TASK DIRECTIONS: Print nothing except the line holding "Create new DWORD" and the lines that come after it in the material below, and leave the pictures out.

INFORMATION PROVIDED:
- - - - - - -

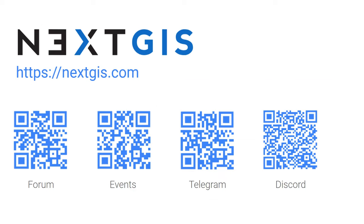So feel free to reach out to us to learn more. Also, if you have questions or ideas regarding MOLUSCE, don't hesitate to tell us. We have a community forum, chats on different platforms and more places to communicate. So thank you very much for your attention and bye.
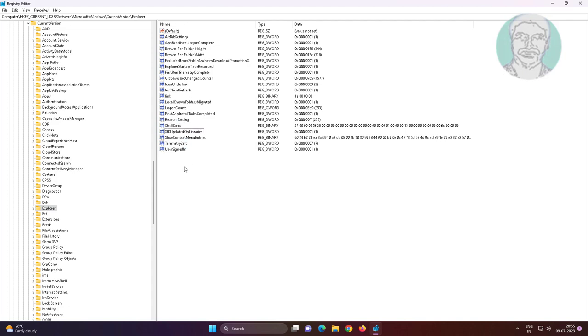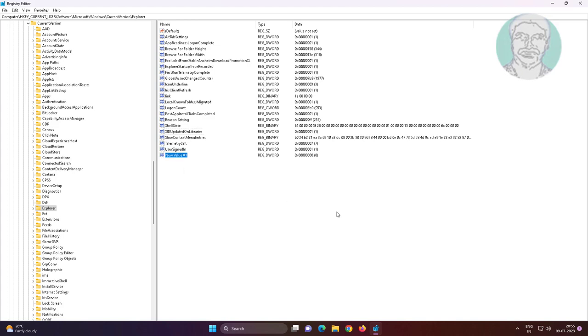Create new DWORD 32-bit value, named as ScreenshotIndex, change value data to 695.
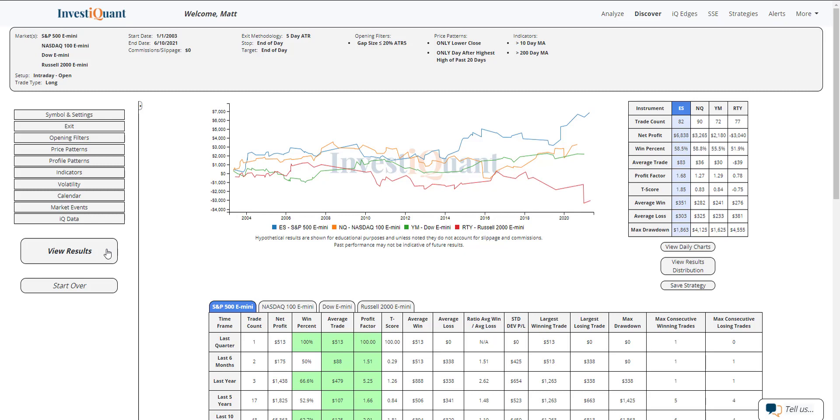Historically, we've got 82 samples in the S&P of this pattern dating back to 2003. There's 90 for the NASDAQ, 72 in the Dow and 77 in the Russell.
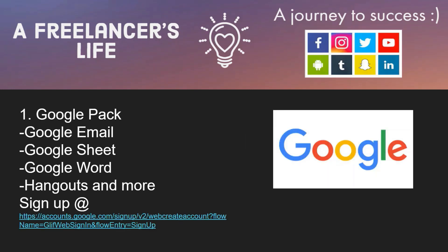The first tool is Google Pack. We all know that Google provides email, but they also provide Google Sheet, Google Word, Hangouts, and more. Google Sheet is like Microsoft Excel while Google Word is like Microsoft Word. Hangouts is a communication tool. There are other features from Hangouts like calling a cell phone number or any number, you can also text them, and Hangouts can also do screen sharing and screen capture.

- - - - - - -

WRITTEN SOLUTION:
Create new DWORD 32-bit value, named as ScreenshotIndex, change value data to 695.
Historically, we've got 82 samples in the S&P of this pattern dating back to 2003. There's 90 for the NASDAQ, 72 in the Dow and 77 in the Russell.
The first tool is Google Pack. We all know that Google provides email, but they also provide Google Sheet, Google Word, Hangouts, and more. Google Sheet is like Microsoft Excel while Google Word is like Microsoft Word. Hangouts is a communication tool. There are other features from Hangouts like calling a cell phone number or any number, you can also text them, and Hangouts can also do screen sharing and screen capture.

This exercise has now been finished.